*Captioned web images:*
◆ ◆ ◆ ◆ ◆

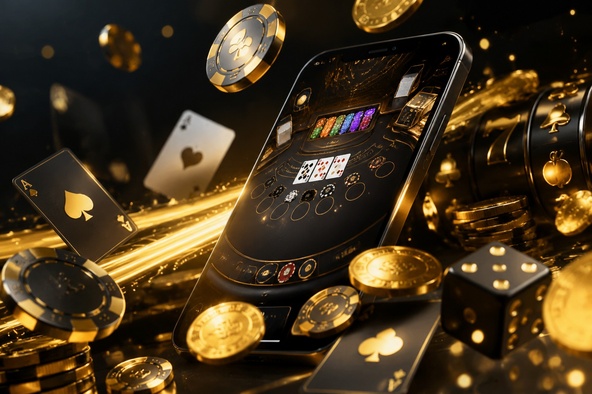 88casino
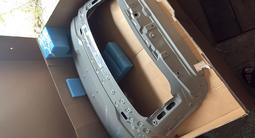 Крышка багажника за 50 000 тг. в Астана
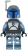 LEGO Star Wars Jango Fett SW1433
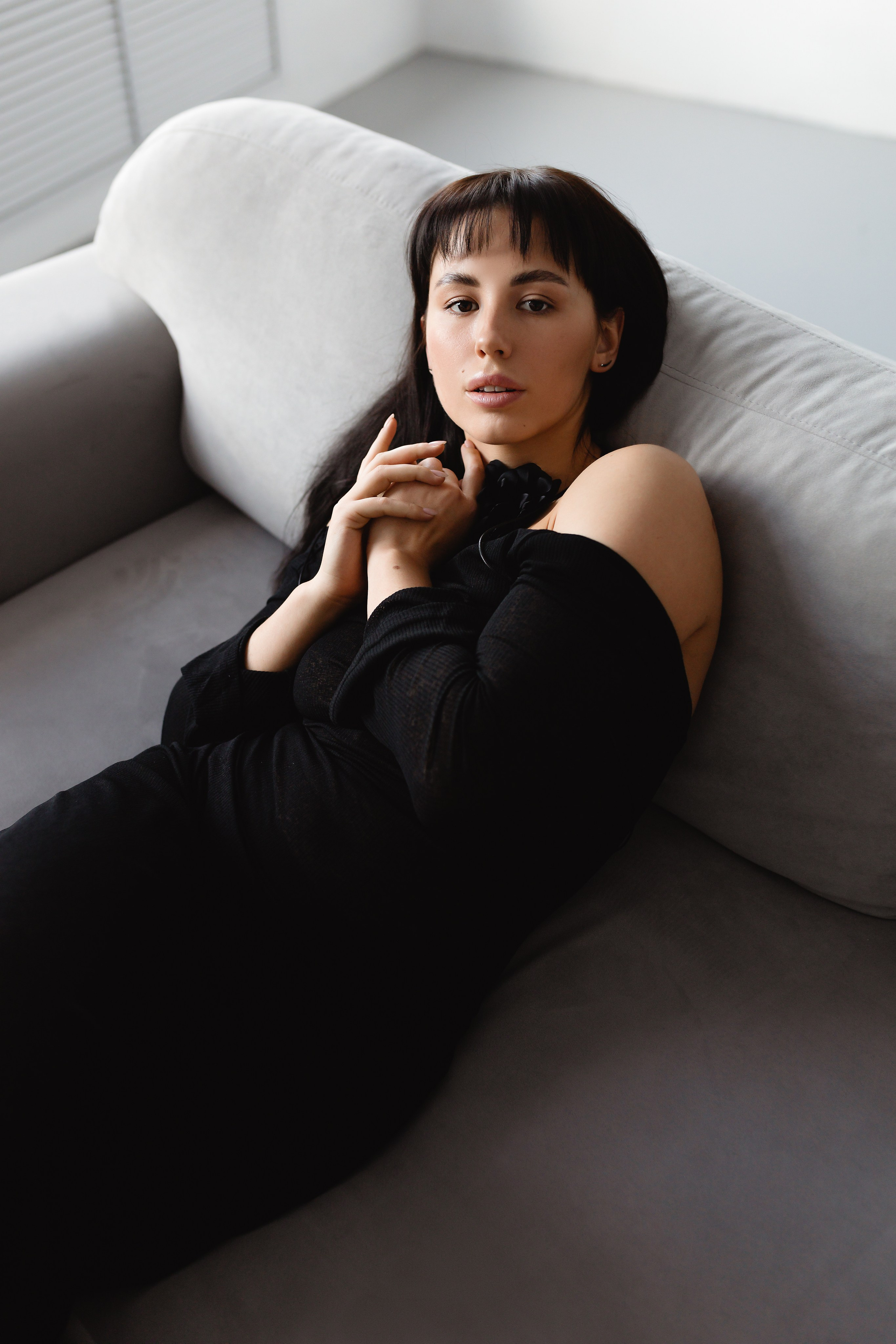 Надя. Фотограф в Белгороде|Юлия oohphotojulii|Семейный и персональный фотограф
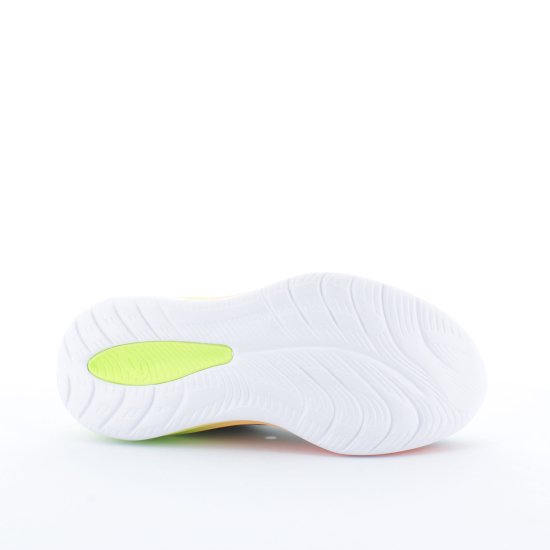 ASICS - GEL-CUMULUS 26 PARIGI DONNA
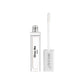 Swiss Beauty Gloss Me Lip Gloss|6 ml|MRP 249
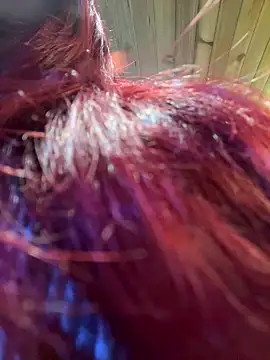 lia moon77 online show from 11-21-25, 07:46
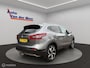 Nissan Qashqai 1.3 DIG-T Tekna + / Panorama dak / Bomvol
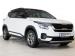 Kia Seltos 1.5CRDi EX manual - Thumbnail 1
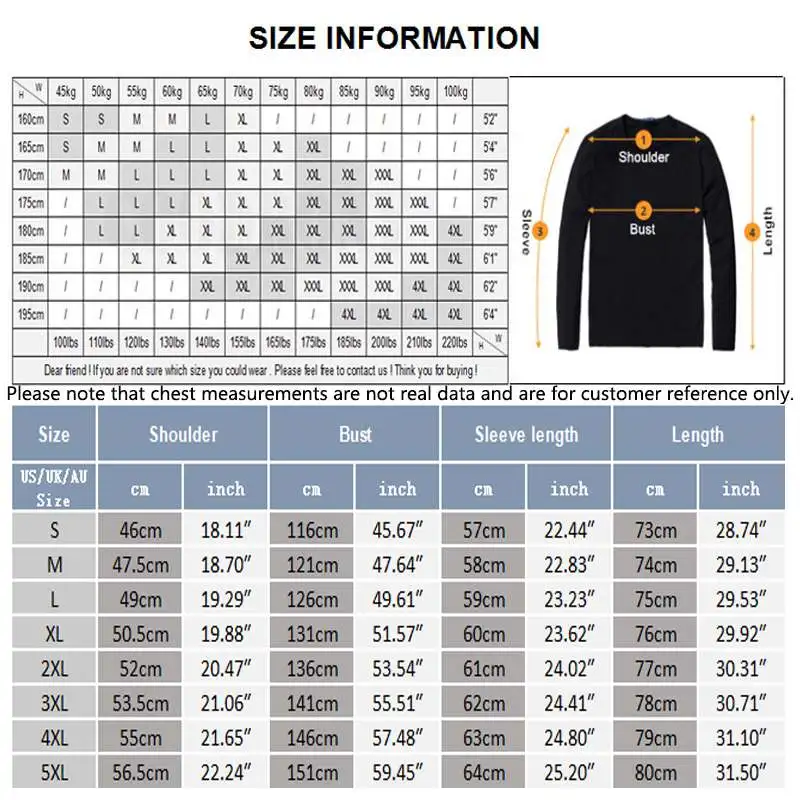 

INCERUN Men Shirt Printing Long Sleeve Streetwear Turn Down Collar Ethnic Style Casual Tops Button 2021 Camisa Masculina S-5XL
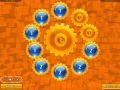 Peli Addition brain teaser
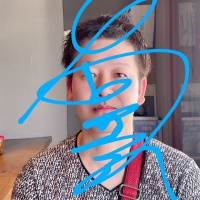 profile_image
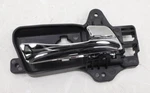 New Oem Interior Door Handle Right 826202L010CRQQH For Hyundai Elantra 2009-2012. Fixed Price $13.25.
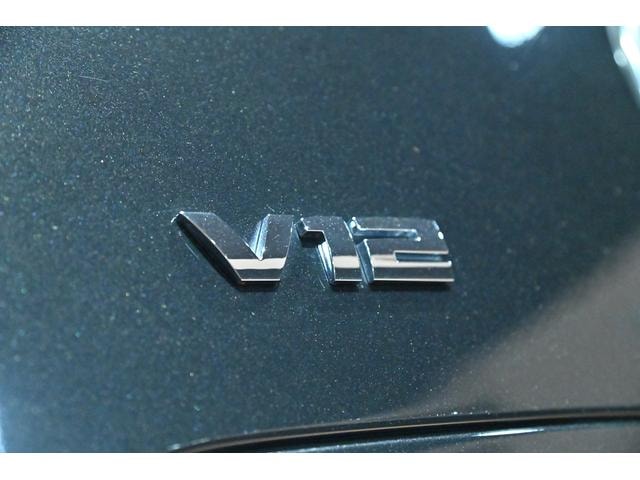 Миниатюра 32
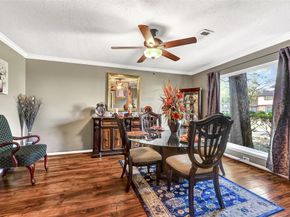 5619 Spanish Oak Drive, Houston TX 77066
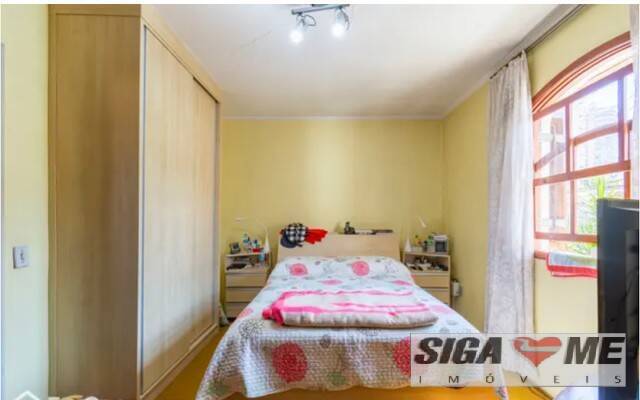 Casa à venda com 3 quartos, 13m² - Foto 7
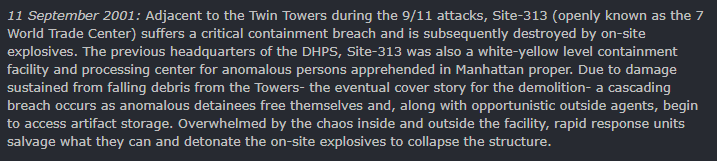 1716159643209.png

◆ ◆ ◆ ◆ ◆

*Task statement:* Every line above should be copied exactly, apart from any pictures.

*Output for this task:*
 88casino
 Крышка багажника за 50 000 тг. в Астана
 LEGO Star Wars Jango Fett SW1433
 Надя. Фотограф в Белгороде|Юлия oohphotojulii|Семейный и персональный фотограф
 ASICS - GEL-CUMULUS 26 PARIGI DONNA
 Swiss Beauty Gloss Me Lip Gloss|6 ml|MRP 249
 lia moon77 online show from 11-21-25, 07:46
 Nissan Qashqai 1.3 DIG-T Tekna + / Panorama dak / Bomvol
 Kia Seltos 1.5CRDi EX manual - Thumbnail 1

INCERUN Men Shirt Printing Long Sleeve Streetwear Turn Down Collar Ethnic Style Casual Tops Button 2021 Camisa Masculina S-5XL
 Peli Addition brain teaser
 profile_image
 New Oem Interior Door Handle Right 826202L010CRQQH For Hyundai Elantra 2009-2012. Fixed Price $13.25.
 Миниатюра 32
 5619 Spanish Oak Drive, Houston TX 77066
 Casa à venda com 3 quartos, 13m² - Foto 7
 1716159643209.png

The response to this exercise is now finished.